Chinese Trade Minister Chen Deming, on a recent regional tour, promised to encourage more imports from Argentina but made clear he wanted the Argentine market freed up for more Chinese goods. Buenos Aires has balked at the suggestion, saying the trade balance is already in favor of China.
Argentine officials also faced criticism they have heard frequently from Western Hemisphere investors that Argentine conditions for foreign investment lack incentives and are too forbidding for potential foreign entrepreneurs and trade partners.
Analysts said they expected Beijing to play a long game and extract maximum concessions from Latin American exporters, including members of the Mercosur trade bloc, before easing on the issue of imports from the region.
Addressing a news conference with Argentine Foreign Affairs Minister Hector Timerman, Chen said, "China is Argentina's second trade partner, while Argentina is China's fourth trade partner in Latin America" and current talks would aim to strengthen the partnership.

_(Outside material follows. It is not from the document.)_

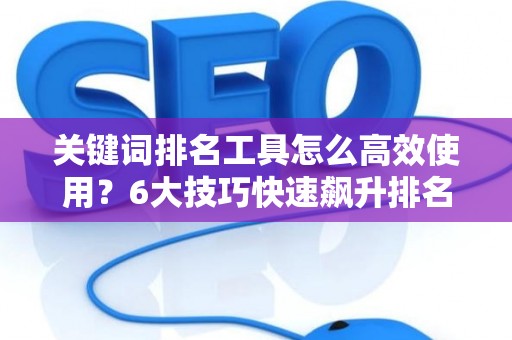 关键词排名工具怎么高效使用?6大技巧快速飙升排名 关键词排名工具怎么高效使用?6大技巧快速飙升排名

The strategies of the two sides couldn't be more different, analysts said. While Argentina is clamoring for more balanced trade, the Chinese side is angling for what can best be seen as a more unbalanced outcome in China's favor -- until Buenos Aires buckles and accedes to requests for a more open market.
Analysts said South American countries remained concerned and resistant toward a more liberal trade regime that, in the government economists' view, could decimate local manufacturing and even hurt Argentina's commodities markets.
Timerman said Argentina would continue trying "to harmonize trade and a more balanced exchange which would include not only commodities but also finished goods." It wasn't immediately clear what additional manufactures Argentina hoped to sell to China.
China is determined that as long as its level of exports is maintained it will be able to increase imports from Argentina, Chen said.